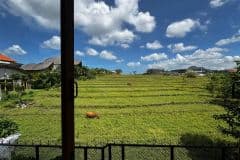 hanbrighton-jual-villa-view-sawah-ff-2-lt-2-kt-bedugul-kerobokan-10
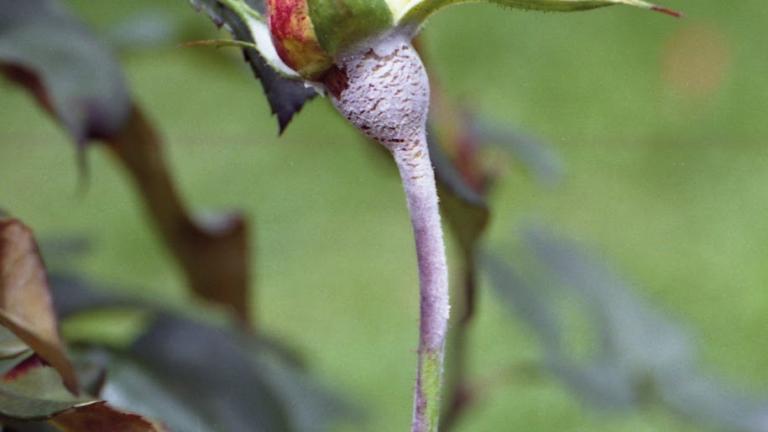 peronospora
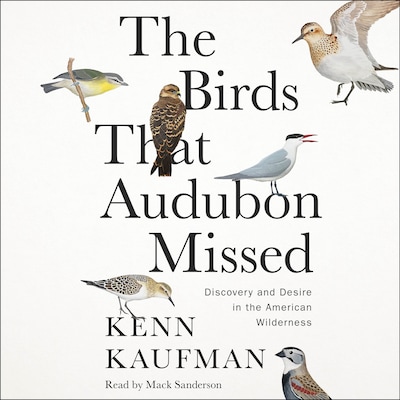 The Birds That Audubon Missed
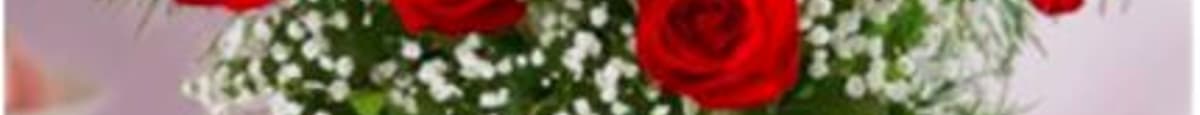 Rose Elegance™ Premium Long Stem Dozen Red Roses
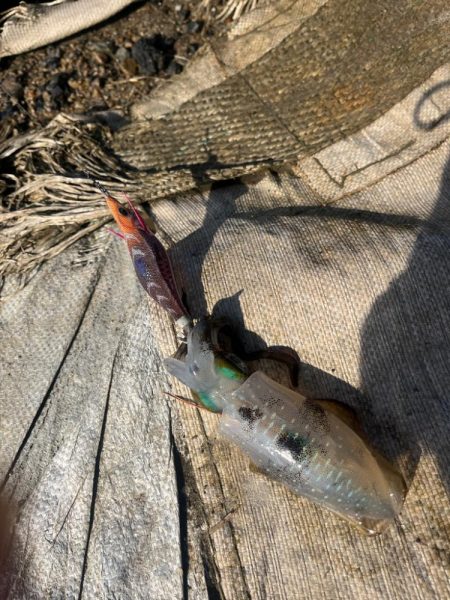 イカポイント探し！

#### Description of the task
Your task is to reproduce exactly the lines from the one with "Rose Elegance™ Premium" to the end of the material, both included, with the pictures left out.

#### Task response
 Rose Elegance™ Premium Long Stem Dozen Red Roses
 イカポイント探し！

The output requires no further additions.